Climate change diet: Arctic sea ice thins, so do polar bears

The Economic Times , Saturday, February 03, 2018
Correspondent :
Some polar bears in the Arctic are shedding weight during the time they should be beefing up, a study shows. It's the climate change diet and scientists say it's not good. They blame global warming for the dwindling ice cover on the Arctic Ocean that bears need for hunting seals each spring. The scientists spied on polar bears by equipping nine female white giants with tracking collars that had video cameras and the bear equivalent of a Fitbit during three recent springs. The bears were also weighed. What the scientists found is that five of the bears lost weight and four lost 1.3 to 2.5kg per day. The average polar bear studied weighed about 175kg. One bear lost 23kg in just nine days. "You're talking a pretty amazing amount of mass to lose," said US Geological Survey (USGS) wildlife biologist Anthony Pagano, lead author of the study, in Thursday's edition of 'Science'. Researchers studied the bears for 10 days in April, when they are supposed to begin putting on weight so they can later have cubs, feed them and survive through the harsh winter.

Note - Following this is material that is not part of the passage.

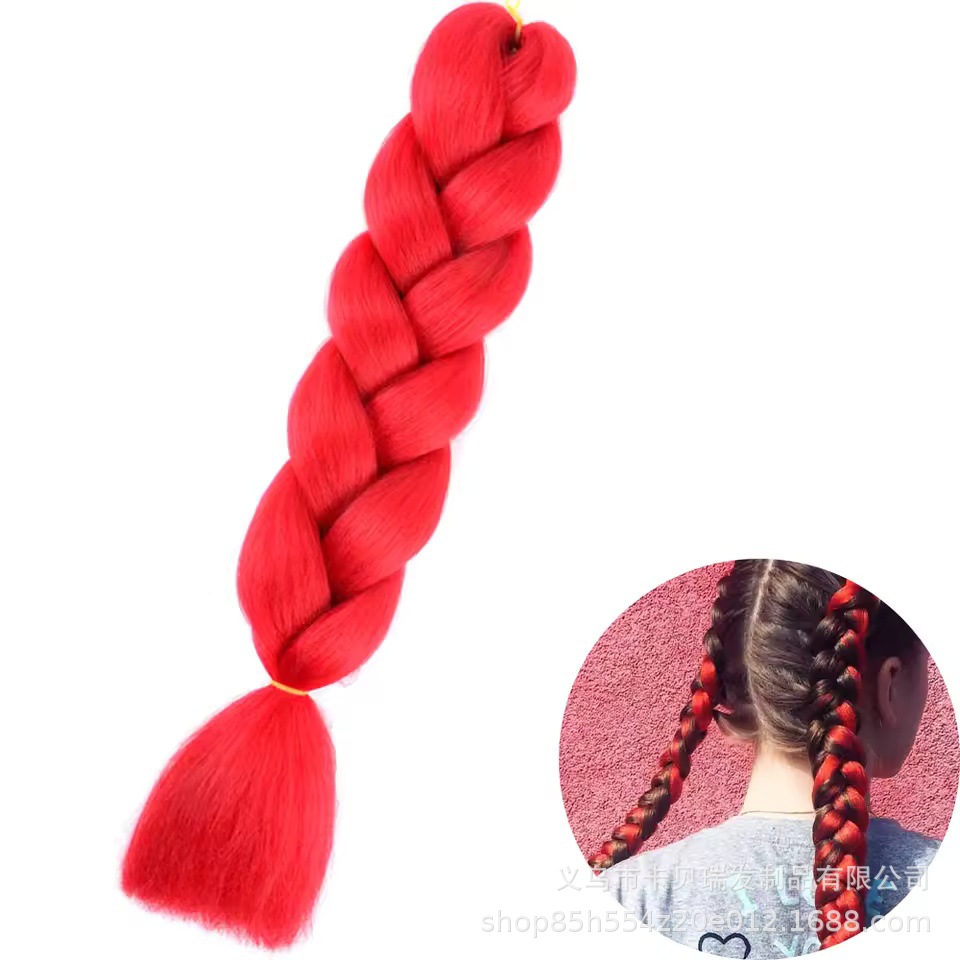 Xuchang pelucas al por mayor seda de alta temperatura teñido africano gran trenza jumbobraid fibra química colorida trenza sucia venta caliente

But because the ice is shrinking, the bears are having a harder time catching seal pups even during prime hunting time, Pagano said. The US Fish and Wildlife Service lists polar bears as a threatened species. Polar bears hunt from the ice. They often wait for seals to pop out of holes to get air and at other times they swim after seals. If there is less sea ice and it is broken apart, bears have to travel more — often swimming — and that has serious consequences, such as more energy use, hypothermia and risk of death, said University of Alberta biology professor Andrew Derocher, who wasn't part of the study. The study found that on the ice, the polar bears burn up 60% more energy than thought, based on these first real-life measurements done on the ice. A few of the bears travelled more than 250km in about 10 days, Pagano said. "Just to break even they have to capture at least one seal every five to 10 days — and that's just to break even," said study coauthor George Durner, a USGS research zoologist. The ice cover in the Arctic grows in the winter and melts in the summer. Because of climate change, the ice is shrinking and thinning more and earlier, he said.